Arriving with the early trains give one the opportunity to see a city wakening up. Sights, places and streets, that are overcrowded two or three hours later, have their own charm in their abandonment in the light of the rising sun, which even captivates late sleepers like me. However, that is not the main reason to go to Verona in winter. The Fondazione Verona per l’Arena organizes an annual Nativity exhibition in the arena. Due to constructing work, the 35th exhibition had to move to the Palazzo della Gran Guardia but was still marvellous. More than 400 nativity scenes from all over the world were shown. The focus were of course Italian cribs with their richness of detail. It was a sublime exhibition, which justifies going to Verona in the off-opera-season.

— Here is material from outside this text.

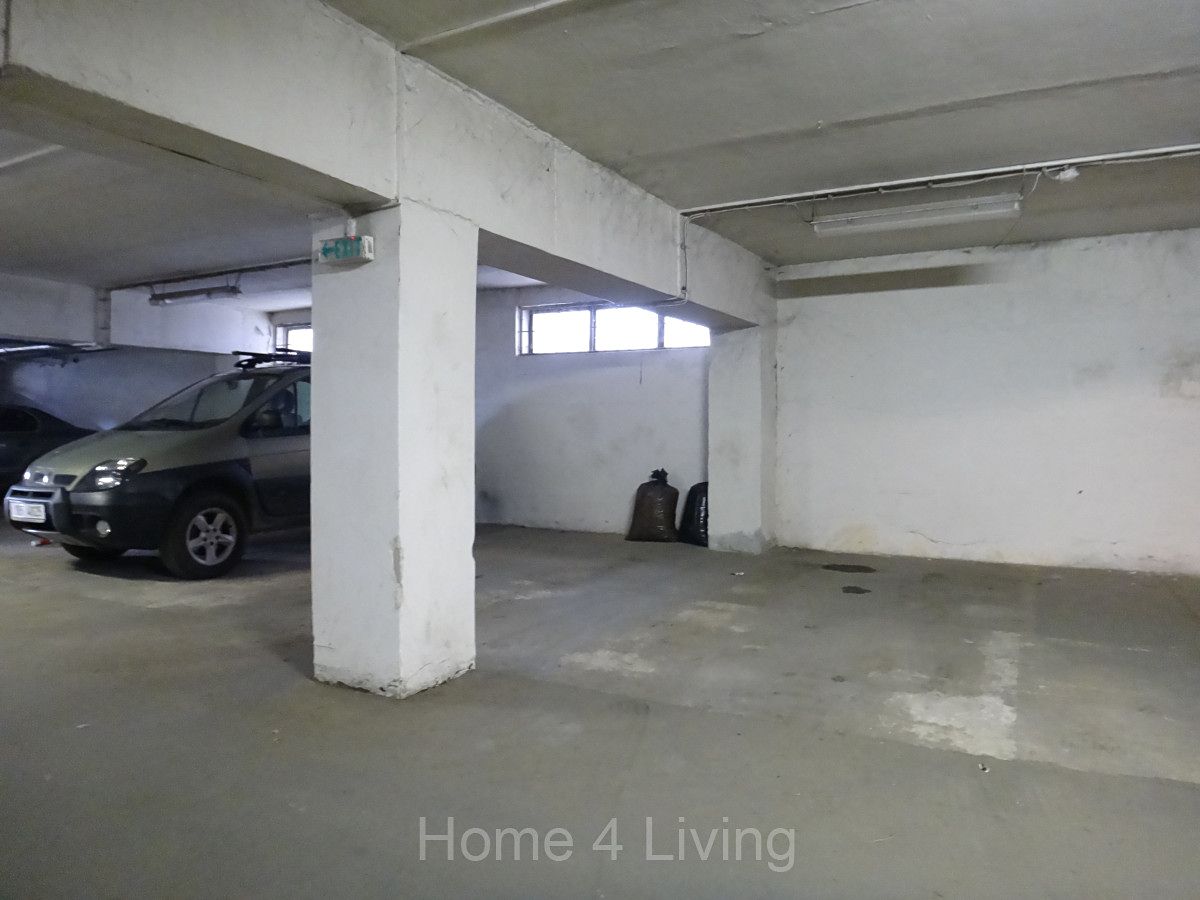 Prodej garážového stání 20 m² – fotografie 2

Nevertheless one can visit the arena, yet cheaper than in summer. During the cooler season, the entrance is only 1,00 Euro on the first Sunday of each month. The climb is wearisome, the view spectacular. All the other sights are open, too. A lot of people follow the tracks of the most famous lovers in the world, whereat they don’t care that they are wilfully duped. Many tourist flock in the backyard of a house to see the most famous balcony – the one on which Romeo should have behold his Juliet. Had Romeo really stood here, he would have had to wait a very long time. It was in the 1930ies when a former sarcophagus was put on the back wall of a house that is today promoted to tourist as the house of the Capulet family. (I guess it does not matter anyway that there is never ever mentioned a balcony in Shakespeare’s play.) "Though this be madness, yet there is method in’t." – quoting another Shakespearean hero. Lord Byron, Heinrich Heine or Charles Dickens already told from their visit of Juliet’s tomb. We passed it by chance and were astonished to find a wedding party there. I am either not enough romantically or morbidly mined to find this a nice wedding location. Fortunately, Verona, with its many old churches or the Castelvecchio, including its art collection, offers historically more challenging sites.

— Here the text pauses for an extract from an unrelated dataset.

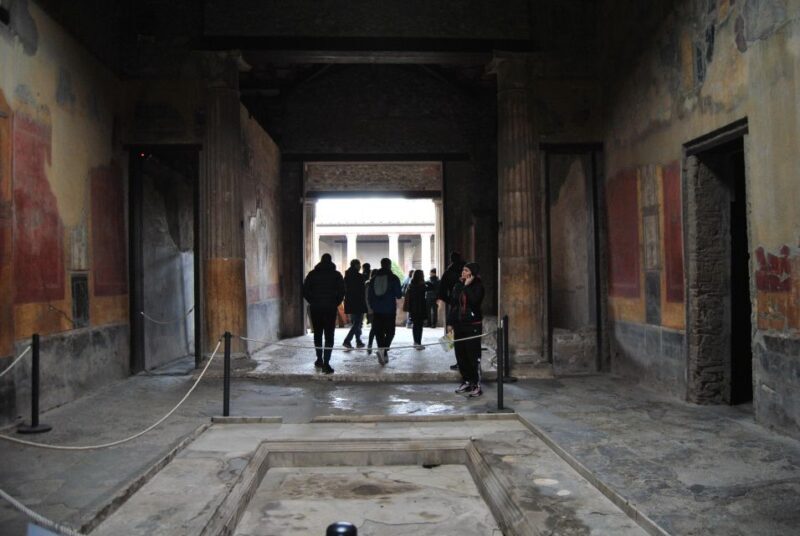 POMPEI SMALL GROUP MASSIMO 8 PERSONE - Practical Details and Considerations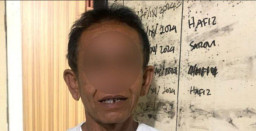 Jalan Licin Bikin PCX Selip lalu Ditabrak Truk Hino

What would an Advent trip be without a Christmas market? Verona has serval, which do not differ much from everyday markets. But diabetics should avoid the market on the Piazza Bra. One huge candy stall next to the other: metres-long liquorice ropes, tons of meringues, countless varieties of roasted nuts, baskets of almond pastes, giant candy canes, even a chocolate kebab and many fried biscuits with an industrially made hazelnut cream that seems to have replaced pasta and pizza as Italian national dish. I did not buy anything, because if you want delicious sweeties in Verona you visit the cosy Pasticceria Flego.
Visiting Verona is always worth the effort, especially during the Advent season. Admittedly, it is a bit crowded and the markets do not just spread Christmas spirit, but the awesome nativity scene exhibition and a stop at Flego provide some relaxation during the hectic pre-Christmas period.